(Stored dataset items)

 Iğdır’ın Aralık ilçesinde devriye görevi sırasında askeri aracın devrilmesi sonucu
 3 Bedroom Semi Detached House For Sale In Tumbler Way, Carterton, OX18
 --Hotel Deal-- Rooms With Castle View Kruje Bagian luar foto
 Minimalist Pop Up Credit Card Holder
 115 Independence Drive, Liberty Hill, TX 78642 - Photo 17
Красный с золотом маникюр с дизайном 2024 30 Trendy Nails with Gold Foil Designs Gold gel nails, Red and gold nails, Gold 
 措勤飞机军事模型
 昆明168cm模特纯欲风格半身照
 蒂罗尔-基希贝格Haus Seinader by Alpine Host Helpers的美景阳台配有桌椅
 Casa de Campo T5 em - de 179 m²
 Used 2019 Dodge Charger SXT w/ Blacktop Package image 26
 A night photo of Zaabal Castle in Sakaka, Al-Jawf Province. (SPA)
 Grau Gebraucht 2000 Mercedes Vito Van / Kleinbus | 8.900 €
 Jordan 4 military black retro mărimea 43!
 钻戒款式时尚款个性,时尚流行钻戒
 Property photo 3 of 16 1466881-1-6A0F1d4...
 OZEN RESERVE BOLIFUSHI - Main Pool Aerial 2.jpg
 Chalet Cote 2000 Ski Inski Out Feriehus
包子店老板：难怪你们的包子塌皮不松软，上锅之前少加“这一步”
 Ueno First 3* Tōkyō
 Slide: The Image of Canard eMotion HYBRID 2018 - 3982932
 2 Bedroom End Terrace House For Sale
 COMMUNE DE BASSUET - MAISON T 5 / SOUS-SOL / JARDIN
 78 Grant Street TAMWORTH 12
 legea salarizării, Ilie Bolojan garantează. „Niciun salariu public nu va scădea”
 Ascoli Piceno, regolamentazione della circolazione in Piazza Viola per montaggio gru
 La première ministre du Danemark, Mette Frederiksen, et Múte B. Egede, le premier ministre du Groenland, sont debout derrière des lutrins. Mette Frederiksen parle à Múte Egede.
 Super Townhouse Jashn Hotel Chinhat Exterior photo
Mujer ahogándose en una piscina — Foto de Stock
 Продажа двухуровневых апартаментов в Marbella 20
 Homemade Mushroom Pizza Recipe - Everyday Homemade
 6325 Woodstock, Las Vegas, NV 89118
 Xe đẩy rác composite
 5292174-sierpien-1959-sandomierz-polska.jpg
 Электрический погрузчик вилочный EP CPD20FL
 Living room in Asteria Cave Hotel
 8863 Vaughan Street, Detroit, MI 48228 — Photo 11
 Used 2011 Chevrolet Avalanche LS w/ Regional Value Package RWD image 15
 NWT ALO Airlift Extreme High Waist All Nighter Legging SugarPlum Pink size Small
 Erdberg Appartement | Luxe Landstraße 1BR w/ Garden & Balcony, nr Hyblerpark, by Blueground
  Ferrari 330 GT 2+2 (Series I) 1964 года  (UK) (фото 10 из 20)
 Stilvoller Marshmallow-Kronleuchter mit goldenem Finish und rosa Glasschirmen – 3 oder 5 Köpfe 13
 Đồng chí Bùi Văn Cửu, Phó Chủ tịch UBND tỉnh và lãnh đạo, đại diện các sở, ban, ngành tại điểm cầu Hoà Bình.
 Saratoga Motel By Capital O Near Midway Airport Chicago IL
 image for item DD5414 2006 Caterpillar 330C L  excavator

**Task:** The lines above starting at the one that contains "NWT ALO Airlift" and ending at the one that contains "Ferrari 330 GT" must be transcribed exactly, and no other lines may appear.

**Result for this task:**
 NWT ALO Airlift Extreme High Waist All Nighter Legging SugarPlum Pink size Small
 Erdberg Appartement | Luxe Landstraße 1BR w/ Garden & Balcony, nr Hyblerpark, by Blueground
  Ferrari 330 GT 2+2 (Series I) 1964 года  (UK) (фото 10 из 20)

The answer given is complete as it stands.